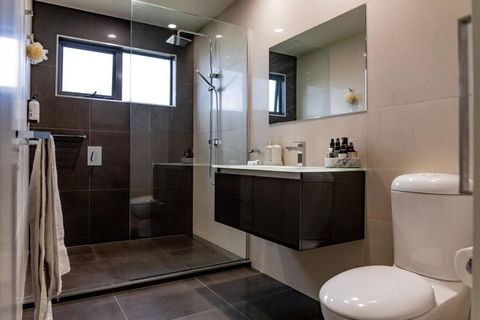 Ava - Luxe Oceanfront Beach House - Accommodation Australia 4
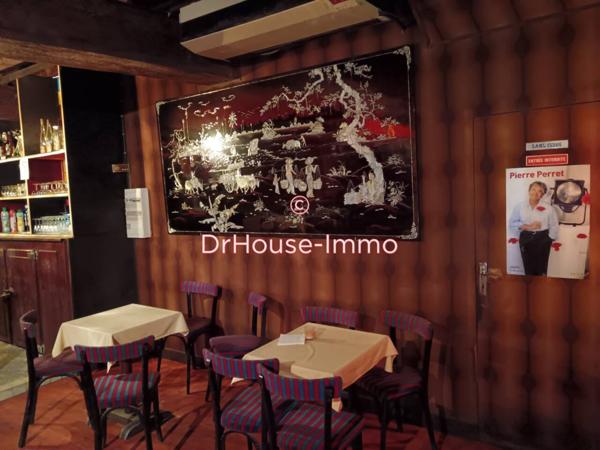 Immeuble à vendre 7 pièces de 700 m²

·····

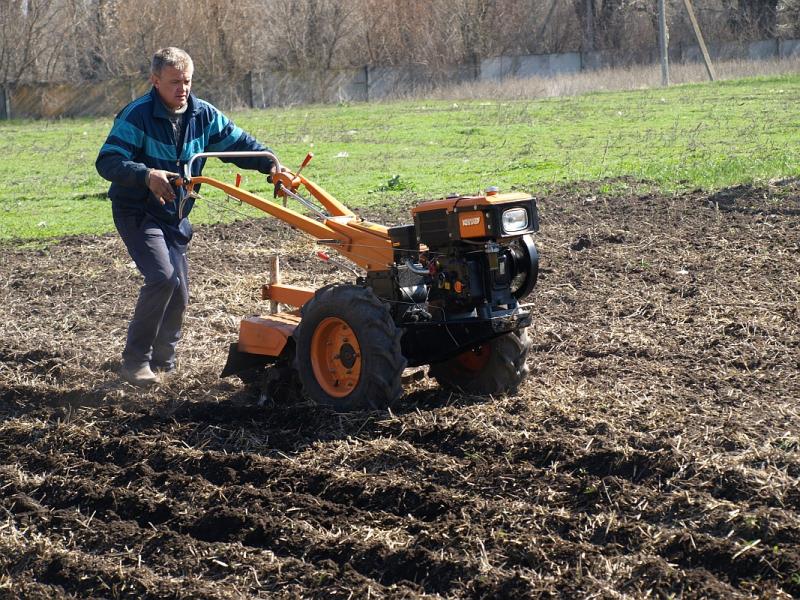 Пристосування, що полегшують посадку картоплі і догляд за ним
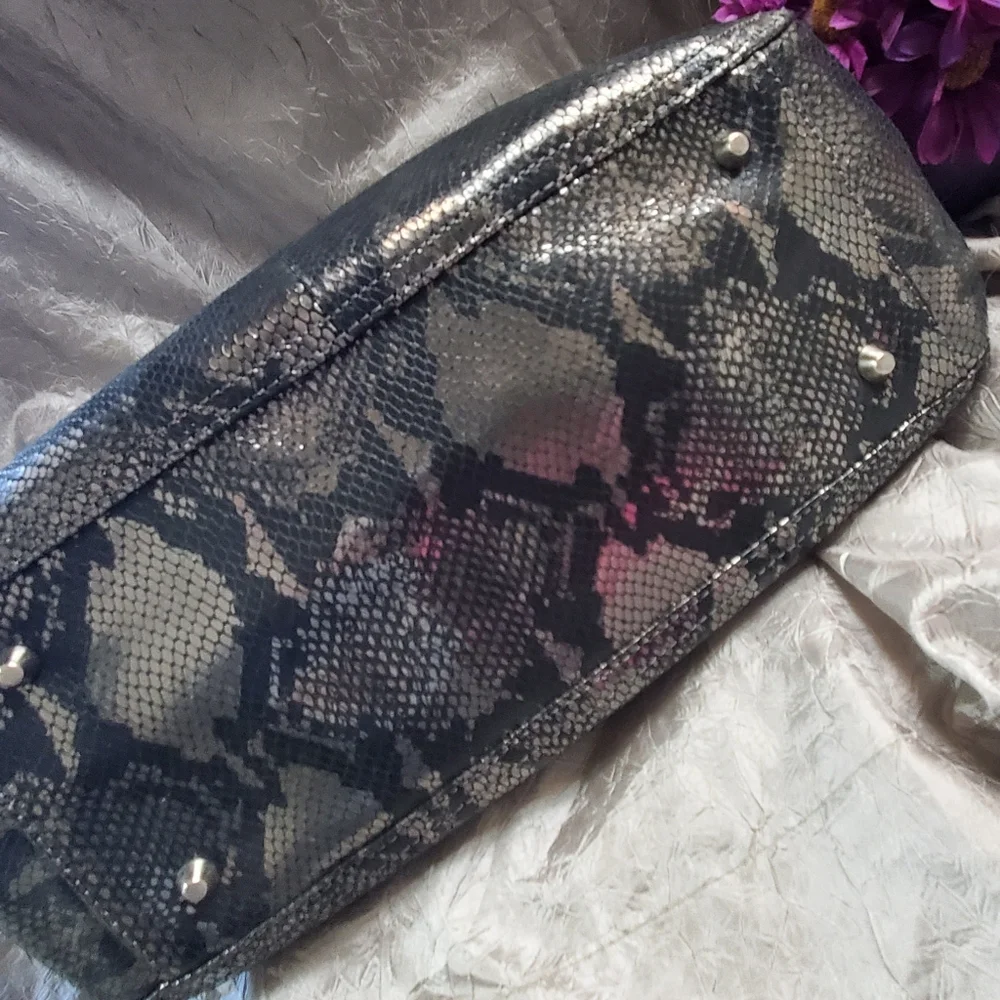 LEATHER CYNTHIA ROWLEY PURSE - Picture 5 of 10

·····

* [AIM OF THE EXERCISE] Starting with the line that has "Ava - Luxe Oceanfront" and ending with the line that has "Immeuble à vendre 7 pièces de 700 m²", repeat the lines above exactly, omitting every picture.

* [RESULT FOR THIS TASK]
 Ava - Luxe Oceanfront Beach House - Accommodation Australia 4
 Immeuble à vendre 7 pièces de 700 m²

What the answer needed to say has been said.